A blog post at Whispers in the Loggia drew my attention to Cardinal Peter Turkson of Ghana. I had never heard of him, but I’m glad now that I have. Turkson is Ghana’s first cardinal and was the spokesman for October’s Synod of Bishops for Africa. He may soon be heading up the Vatican congregation for peace and justice. He is a rising star in the world church and is rumored to be a potential candidate for pope at the next conclave.
Why are we interested? The Cardinal says a lot of worthwhile things that relate to the mission of Christian initiation. A 2007 interview in the Times of London contains some of them. The interview shows that Cardinal Turkson is deeply concerned with evangelization. Moreover, he seems to have a grasp of the problems associated with a “notional Christianity.” Here it is, in his own words:
I think that our traditional way of making people Catholic needs to be reconsidered. The declaration that Jesus is Lord is meant to be an expression of a person’s commitment. It’s like somebody being offered knowledge of a person and consciously accepting to enter into a relationship with that person and establish personal ties. This is what holds people in these evangelical churches.
He added that some priests and bishops were products of “notional Christianity”—they had been brought up in a Catholic home, had a Catholic education, and learned their theology in seminary, but they had never experienced a personal conversion.
The danger facing the Catholic Church in Africa is that we just feed people with a few notions. Who is God? What is the Trinity? What is a sacrament? These definitions can be learnt by heart and just repeated to anybody who asks questions.
He is speaking from within an African context, but the issue exists in North America too. In fact, a lot of catechumenate leaders have been working hard to remedy exactly the problem that Cardinal Turkson identifies. We need a way of making people Catholic that fosters a relationship and forges a commitment. “Notional Christianity” will not cut it in today’s world with all its challenges. Cardinal Turkson goes on to say:
At the second synod for Africa we must look at how we are a Church in Africa. Rwanda was supposed to be 99 per cent Catholic. How could it end up with a genocide?
We need to realise that probably notional Christianity has been too strong. Instead, we need a radical conversion that will make the presence of God real and personal for each one of us.
2 thoughts on “Notional Christianity vs. radical conversion”

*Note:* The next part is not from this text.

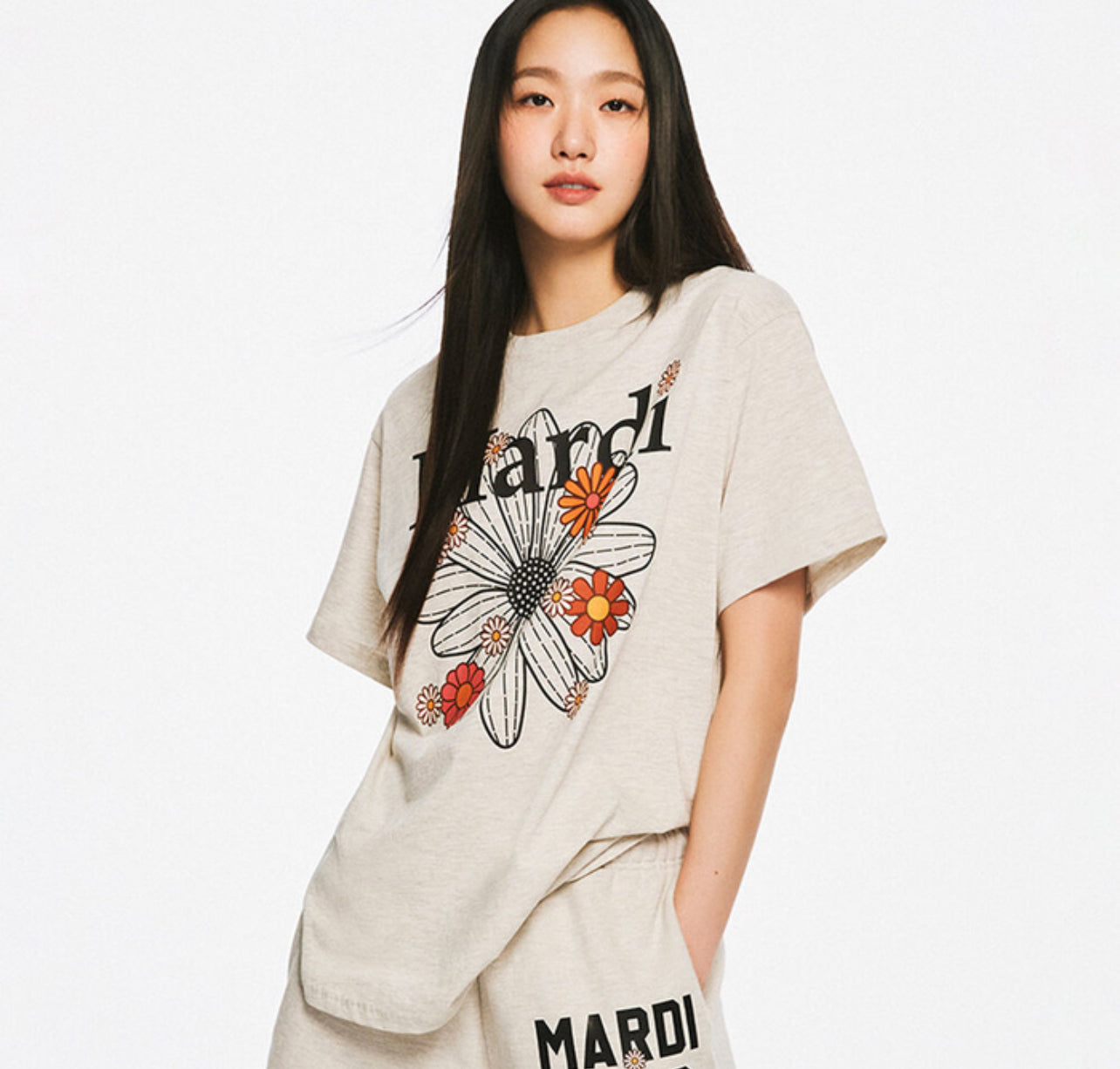 Mardi Mercredi TSHIRT FLOWERMARDI BLOSSOM_OATMEAL BLACK(Preorder)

I had no idea that Rwanda was mostly catholic. I always thought it was one form of islam vs another form of islam.
Where did all this intolerance come from? Jesus was very tolerant of people’s differences, at least as I read the bible. I keep hearing that catholics hold grudges. Maybe we are not teaching forgiveness, tolerance, and mercy enough in our faith. Is this something we should be taught more of in our faith? Rose
Rose, you are right. Jesus taught us to love everyone, even our enemies. There is no place for hatred in our lives if we are faithful to him.
I am saddened to hear you say that Catholics have a reputation for holding grudges. We have to change that. If we don’t learn how to forgive, if we don’t learn how to love, we are not following Christ. Period.
It’s hard to forgive. We all know that. It’s hard to give up rivalries and social patterns that contribute to fear and hatred, some of which were in place long before we were born. Yet that’s what conversion is all about. CHANGE.
The Spirit gives us the power to change. And the community must embrace that change, or else — you guessed it — we slide right back into our old ways.
Thank you for writing. Keep teaching mercy and love, as Jesus did. It really does matter.